Avidyne Corporation in Lincoln, Massachusetts, is providing flat-screen primary flight displays for ATG, Adam, Eclipse, and Spectrum jets. The display combines navigation data along with airspeed and rates of climb or descent. The integrated cockpit displays are fed by sophisticated electronic sensors, as opposed to old-style mechanical gyroscopes and accelerometers. The displays not only provide better pilot guidance, but also are lighter, cheaper, and easier to install and maintain than traditional “steam gauge” instruments.

“These electronics weigh less primarily because there are so many fewer wires and connectors and switches,” says Avidyne CEO Dan Schwinn.

Before founding Avidyne in 1994, Schwinn led a global communications equipment manufacturer to achieve annual sales of $150 million before it was acquired by computer chip maker Intel. Avidyne supplies the systems to piston-engine aircraft makers Cirrus, Columbia, and Piper and to VLJ makers Adam, ATG, and Eclipse.

Integrated flight deck systems have proven immensely popular. Garmin, best known for its Global Positioning System receivers, has followed Avidyne into the market.

For Schwinn, the key to keeping integrated displays affordable is the successful application and integration of technologies developed for non-aviation industries, primarily automobiles.

“The aviation market isn’t that big,” says Schwinn. “We had to be good at leveraging technology that was originally designed for another use. So our screens are laptop screens. Our Attitude, Heading, and Reference System uses gyros and accelerometers that were built for car stability systems by the tens of millions.”

Avidyne relies heavily on an automotive high-speed, safety-critical data communications system, called FlexRay, developed by a consortium that includes automakers BMW, DaimlerChrysler, General Motors, and Ford; automotive component maker Robert Bosch; and Motorola and Phillips Semiconducters. In cars, FlexRay drives an increasingly elaborate system of sensors and actuators that control things like anti-lock brakes and automatic stability controls.

Small, efficient fanjet engines, systems that make the aircraft easier to fly, R&D money from NASA, and a small group of entrepreneurs who didn’t know they couldn’t build lightweight, cheaper jets have all come together over the past 15 years to create a resurgence in the U.S. general aviation industry.

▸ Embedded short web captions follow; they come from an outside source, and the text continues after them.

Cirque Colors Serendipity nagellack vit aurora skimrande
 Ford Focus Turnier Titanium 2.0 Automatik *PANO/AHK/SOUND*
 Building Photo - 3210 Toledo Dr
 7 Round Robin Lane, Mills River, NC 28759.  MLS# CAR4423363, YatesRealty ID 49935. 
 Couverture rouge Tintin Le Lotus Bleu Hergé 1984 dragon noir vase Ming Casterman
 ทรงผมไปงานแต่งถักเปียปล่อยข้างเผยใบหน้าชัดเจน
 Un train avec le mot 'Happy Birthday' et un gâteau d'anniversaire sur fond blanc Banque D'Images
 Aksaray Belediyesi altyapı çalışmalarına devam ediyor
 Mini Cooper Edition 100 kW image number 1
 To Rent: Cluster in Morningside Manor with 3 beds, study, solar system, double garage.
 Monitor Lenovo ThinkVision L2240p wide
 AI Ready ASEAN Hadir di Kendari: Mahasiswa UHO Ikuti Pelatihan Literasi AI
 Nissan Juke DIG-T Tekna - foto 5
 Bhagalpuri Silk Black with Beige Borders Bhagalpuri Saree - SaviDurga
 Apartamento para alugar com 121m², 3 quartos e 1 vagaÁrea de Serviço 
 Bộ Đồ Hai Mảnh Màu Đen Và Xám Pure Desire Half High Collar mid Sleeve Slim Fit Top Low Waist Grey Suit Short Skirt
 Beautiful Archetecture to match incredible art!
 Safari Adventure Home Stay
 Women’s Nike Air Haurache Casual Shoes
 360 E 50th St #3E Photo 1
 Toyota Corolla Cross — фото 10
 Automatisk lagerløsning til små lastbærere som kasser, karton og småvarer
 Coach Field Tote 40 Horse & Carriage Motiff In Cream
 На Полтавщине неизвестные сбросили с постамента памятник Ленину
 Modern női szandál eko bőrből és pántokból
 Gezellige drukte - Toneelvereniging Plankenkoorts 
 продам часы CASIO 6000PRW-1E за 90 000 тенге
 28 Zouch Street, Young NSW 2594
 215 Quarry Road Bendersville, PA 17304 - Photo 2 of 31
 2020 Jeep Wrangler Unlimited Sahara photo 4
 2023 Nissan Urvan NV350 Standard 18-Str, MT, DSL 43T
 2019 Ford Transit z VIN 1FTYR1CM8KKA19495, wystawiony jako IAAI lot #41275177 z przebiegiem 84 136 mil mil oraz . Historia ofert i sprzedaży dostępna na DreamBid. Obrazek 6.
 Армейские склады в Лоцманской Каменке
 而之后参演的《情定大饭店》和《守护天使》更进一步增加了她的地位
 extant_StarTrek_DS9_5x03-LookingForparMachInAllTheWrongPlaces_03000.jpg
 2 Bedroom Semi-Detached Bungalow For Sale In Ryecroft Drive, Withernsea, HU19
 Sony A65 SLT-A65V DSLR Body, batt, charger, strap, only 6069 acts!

Orders have been placed for more than 3,500 VLJs, with a total market value of more than $5 billion.

About two-thirds of the orders will form the backbone of a hoped-for air taxi market: a network that could offer on-demand and affordable business travel to the nation’s 5,000 general aviation airports. The air taxi business is targeting middle managers, a market its proponents claim is ignored or ill-served by the airlines. The other one-third of VLJs will go to private pilots.

These 3,500 orders do not include any government sales. On January 30, 2006, the U.S. Department of Defense issued a Request for Information to all very light jet manufacturers, asking them to submit data on the applicability of their aircraft in a variety of roles, from pilot training to surveillance. The Air Force plans to start flight evaluations at Edwards Air Force Base, in California, by December. Another reason that 2006 is the year of the very light jet.